Bottom Line: As home values continue their upward march in 2013, more homeowners currently trapped underwater will begin to surface. This will be good for buyers exhausted by limited inventory and intense competition in markets such as Phoenix and Miami, but it will also have the effect of cooling price increases. As a result, in 2013, we predict home value appreciation in many areas will look more like a series of steps, characterized by cycles of price spikes and plateaus. Price spikes will free some homeowners from negative equity, allowing them to sell, thereby easing supply constraints and dampening prices until the cycle is repeated.
Historically Affordable
- Mortgage interest rates have been hovering at or near historic lows for the past year, and the Federal Reserve has taken concrete steps to ensure they stay low for at least the foreseeable future.
- At the same time, home values – while recovering nicely – still have a long way to go to reach their pre-bubble levels. Overall, national home values in November were still down 19.4 percent from their peak in May 2007, according to Zillow.
Bottom Line: Between 1985 and 2000, Americans spent, on average, about 20 percent of their household income on mortgage payments. That percentage increased to more than 24 percent by 2006, before falling to just 13 percent by the second quarter of 2012. If you can qualify for a home loan, the combination of low rates and low prices means your home-buying dollar will continue to take you farther in 2013 than in recent years, even for buyers on modest budgets.
Mortgage Interest Deducted?
- Changes to the mortgage interest deduction (MID) may be a key element of any “grand bargain” reached by politicians in order to avert the year-end fiscal cliff.

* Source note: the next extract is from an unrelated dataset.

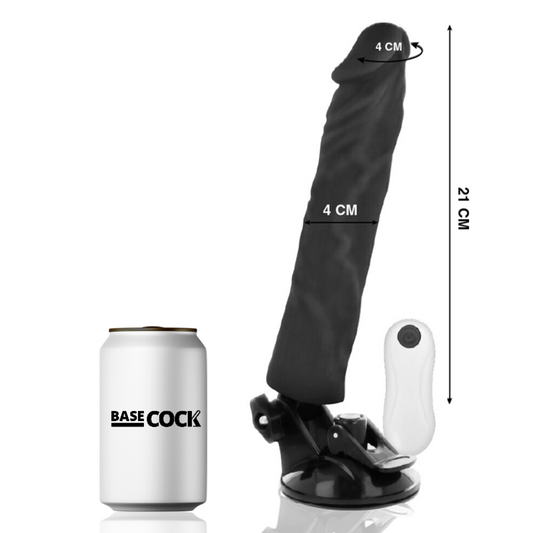 BASECOCK Vibrateur Réaliste Télécommande Noir 21 Cm -O- 4 Cm - Aura Intime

If adopted, any measure to limit or repeal the MID will result in some home price impacts over time and by market segment.
- Home values at the high end of the market will likely be more negatively impacted by MID changes than home values overall, according to a recent Zillow survey of economists. For example, in the event that the maximum MID-eligible mortgage amount is reduced from $1 million to $500,000 and the deduction allowance for second homes is eliminated, the majority of respondents said they expect high-end home prices to fall while U.S. home prices overall experience little or no price impact.
Bottom Line: Real estate lobbying groups have long fought against changes to tax rules allowing for the deduction of mortgage interest, arguing that any changes will impact or eliminate some of the historic financial advantages of owning a home. But unless you’re buying a proportionally more expensive home or are buying in a more expensive area, the impacts of MID changes will likely be muted. The decision to buy or sell a home is highly personal and dependent on a number of factors, only one of which is potential tax implications. In 2013, make your decision to buy or sell based on your own informed opinion and your unique situation.